Reeser: *smolders more*props chin in paw*looks sulky*
RFS: That’s a good Reeser. I knew you’d see it my way. *sits back in chair*
Reeser: *surreptitious attempt to light RFS’s garments on fire*
RFS: *smells smoke*douses flame with remaining tea* Reeser! Shame on you!
Reeser: *grumbles*sulk deepens*
RFS: *annoyed* No more of that. Do you hear me? If you don’t just calm down a little, you’ll end up hurting us and that’s what I’m trying to stop happening, you oaf!
And eventually Reeser shrinks back down into a singular, human entity and sits around, sulking and reading a lot to stop from getting all worked up and angry again. And we think up scenarios like this that we can write about and make ourselves seem a little bit crazy, but not so much that it’s inexcusable.
Anyway, yesterday I read a bunch of Charles Simic poems, and finished the entire Paint It Black! book by Voltaire. It had some nifty looking art projects in it…which I would totally attempt if I had my parents permission to use spraypaint and a drill.
Maybe if I can get some materials together, I will talk Chris into doing some art projects with me so we can spend some time not watching television someday… since he always hates my ideas for doing other things…i.e. puzzles, reading a book together, playing board games…maybe if there’s an opportunity to get paint all over and destroy things with my parents’ powertools, he’ll be more inclined to go along with it. Or maybe I will turn into a winged creature of flame (um, did I describe myself as a balrog in that hypotherical conversation with myself?? o.O) and roar at him until he goes along with it.

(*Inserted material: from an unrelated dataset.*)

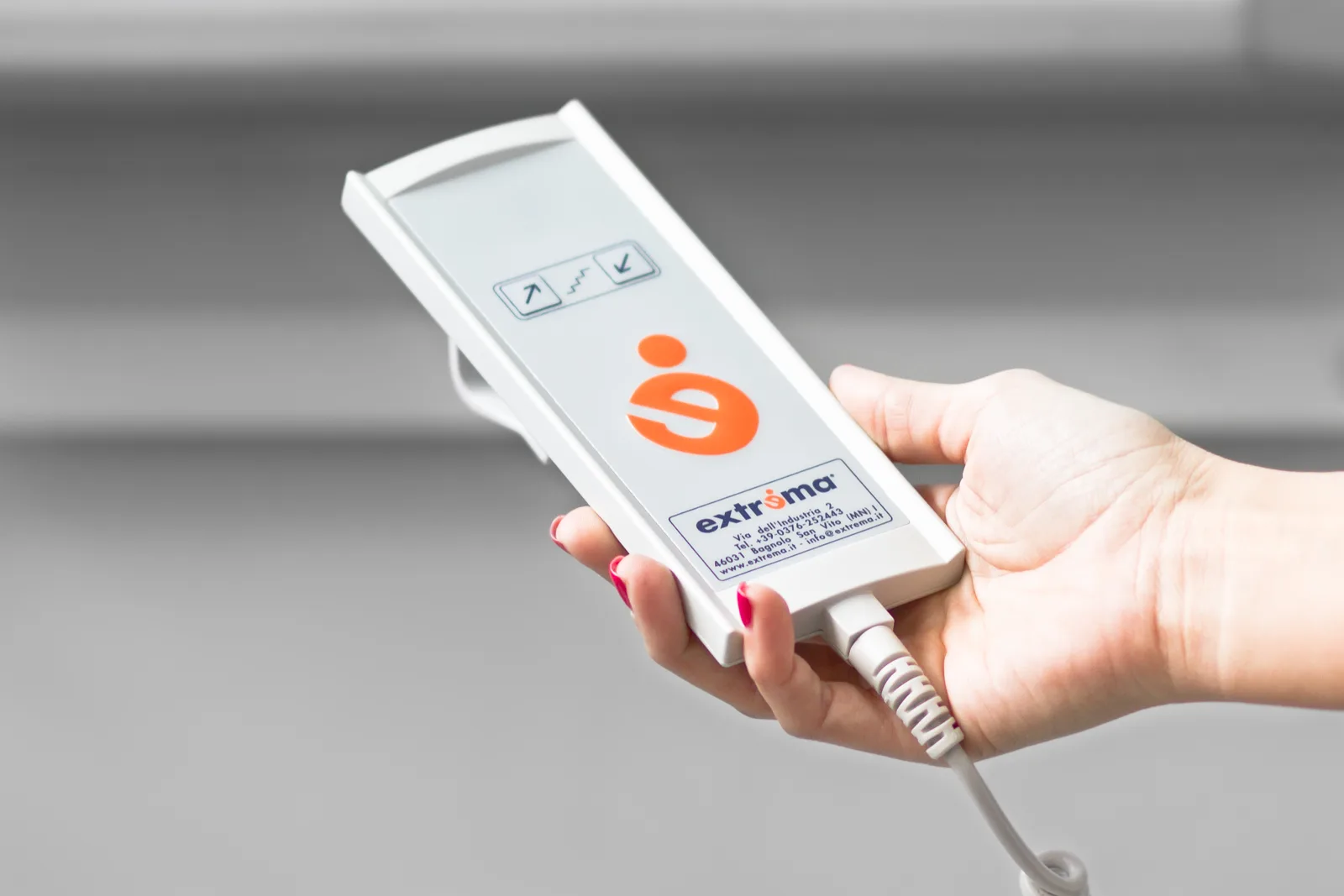 Funkbedienung eines Plattformlifts in der Hand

That would be bad of me though.
Today I’ve made it halfway through a book called Death: A Life, which is supposed to be a humorous, pretend memoir of Death. It amuses me that the author (George Pendel) even made an introduction where he talks about meeting Death and being asked to write his memoir, and how he put underneath the title “with” George Pendel instead of “by”…very amusing. Plus, I have to admit this book would not make as much sense to me if I had never read Paradise Lost.
Hooray for having studied Restoration Literature : /
Anyway…I was trying to upload the audio for the last promo I made for my show, but my internet is being stupid and won’t do it. On the other hand, if you want to listen to said show this Thursday (7-11pm, EST), the webstream should be up again…
I promise I am not a monster on my show. I just talk about them sometimes.
Chris: So, I’m at his web site now. *pause* His name is Ashton Nyte?
Reeser: *warily* Mmhmm.
Chris: Oh, you’re going down, Mr. A. Nyte! *pause* So this is what he looks like?
Reeser: I guess. I have no idea what you’re looking at.
Chris: Found some pictures… How am I supposed to compete with this guy?! He’s beautiful!
Reeser: *bursts out laughing* Aaw, you say such funny things.
(…from back in summer when Chris discovered that he hates my favourite musician. Silly Chris.)